Here the riding is slightly more challenging, with uphills to accompany the downs and roots and foliage providing natural obstacles. The final incline takes us to a clearing, where the buzz of a generator cuts through the silence and a giant airbag languishes just beyond a 6.5-foot high ramp.
“With the air bag, anybody can hit it, it just takes a bit of guts to hit the first time,” Lunn says.
Climbing to the top of the hill that declines into the ramp, I accept that this is happening.
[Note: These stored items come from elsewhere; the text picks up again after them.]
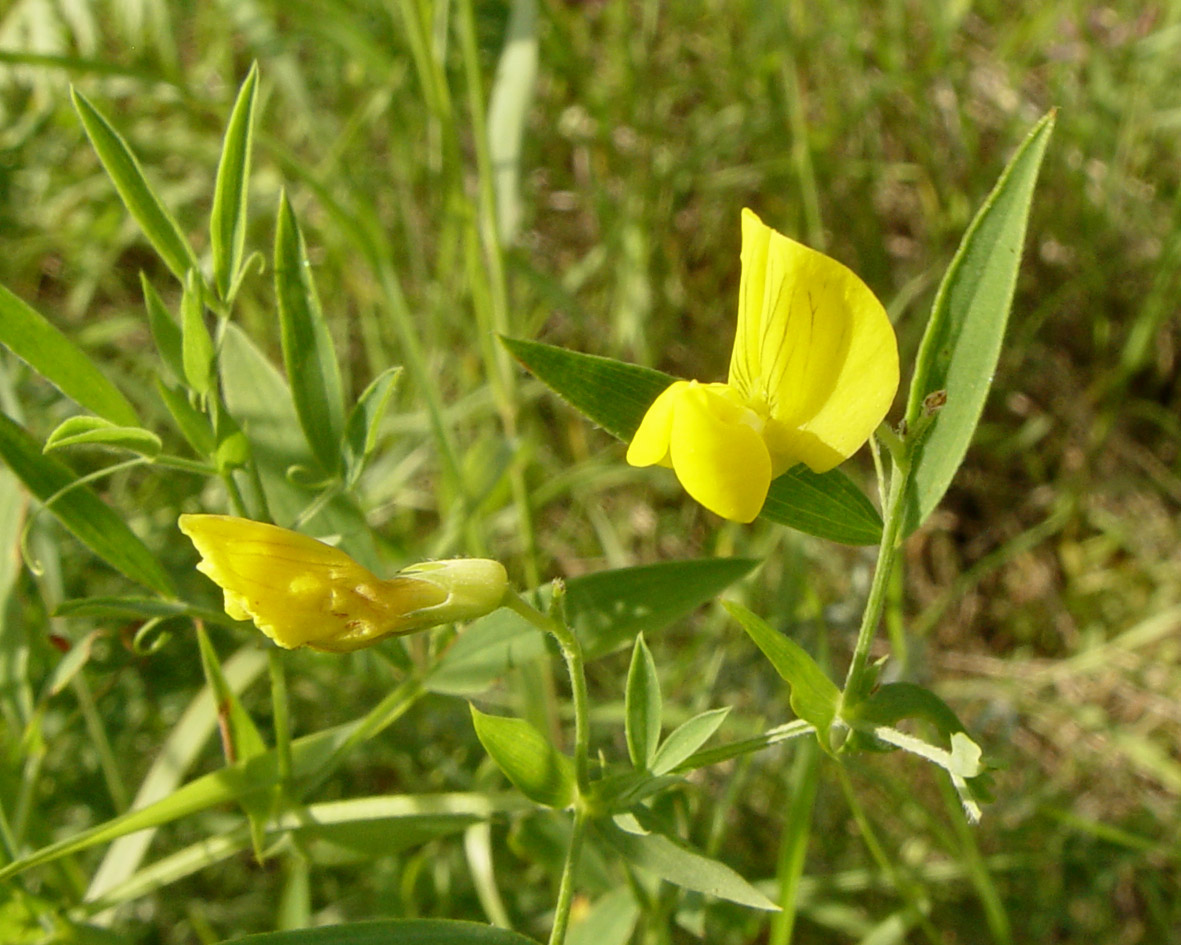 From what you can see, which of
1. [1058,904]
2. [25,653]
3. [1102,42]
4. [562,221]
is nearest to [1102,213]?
[1102,42]

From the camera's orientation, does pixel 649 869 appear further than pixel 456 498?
No

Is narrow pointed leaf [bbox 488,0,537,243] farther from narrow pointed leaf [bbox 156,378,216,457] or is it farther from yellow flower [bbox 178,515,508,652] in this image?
yellow flower [bbox 178,515,508,652]

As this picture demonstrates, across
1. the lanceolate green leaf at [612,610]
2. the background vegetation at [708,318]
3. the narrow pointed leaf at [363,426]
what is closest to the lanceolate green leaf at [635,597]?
the lanceolate green leaf at [612,610]

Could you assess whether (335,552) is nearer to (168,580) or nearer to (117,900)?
(168,580)

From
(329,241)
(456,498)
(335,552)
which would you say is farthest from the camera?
(329,241)

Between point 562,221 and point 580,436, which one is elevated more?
point 562,221

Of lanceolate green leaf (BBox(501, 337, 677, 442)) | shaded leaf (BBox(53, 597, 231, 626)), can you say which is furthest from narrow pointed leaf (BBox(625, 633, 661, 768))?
shaded leaf (BBox(53, 597, 231, 626))

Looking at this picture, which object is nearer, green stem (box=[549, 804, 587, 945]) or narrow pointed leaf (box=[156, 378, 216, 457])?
green stem (box=[549, 804, 587, 945]) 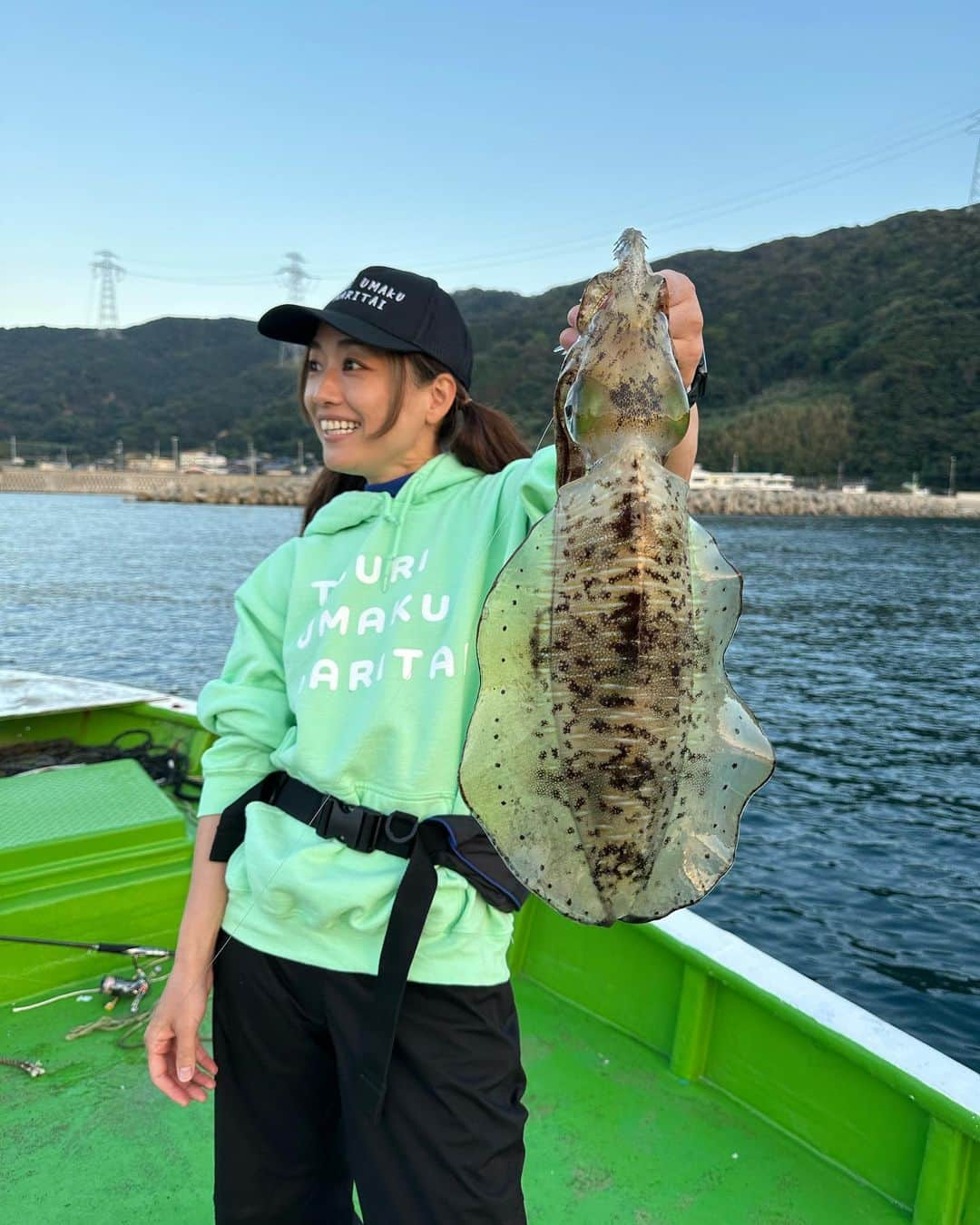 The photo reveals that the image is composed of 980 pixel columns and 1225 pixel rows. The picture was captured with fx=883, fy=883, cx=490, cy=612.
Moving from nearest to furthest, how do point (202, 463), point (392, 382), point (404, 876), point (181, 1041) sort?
point (404, 876), point (181, 1041), point (392, 382), point (202, 463)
The 17-year mountain bike professional’s voice is in my ear as I bear down on the handlebars. “You got this,” he says.
Against my better judgment I line myself up at the top of the embankment as Lunn reminds me not to let go of the bike, and to “pre-load,” or press down on the handle bars as I glide into the ramp.
Slowly I step off the ground onto the pedals, pushing off into the descent that launches me further from the earth than I have ever been without being on my feet. One second I’m on top of the hill, the next I’m preloading my bike, a moment later I am airborne. Today I’m wondering how to tell me wife I want to buy a mountain bike.
Did you know?
- The Family Flow Trail is one of many mountain bike features at Bear Mountain Resort. The beginner-oriented trail is growing, with a full 5-km loop set for completion in March.
- All trails on the mountain are open to the public. Use your own bike or rent one at The Hub in the North Langford Adventure Centre. Cyclists are encouraged to check in at The Hub to learn about the trails before heading out.
- The bike park, featuring big jumps and an airbag, is the only membership-required area. Participants must sign a waiver and can only use the park when it is open and a safety attendant is on site.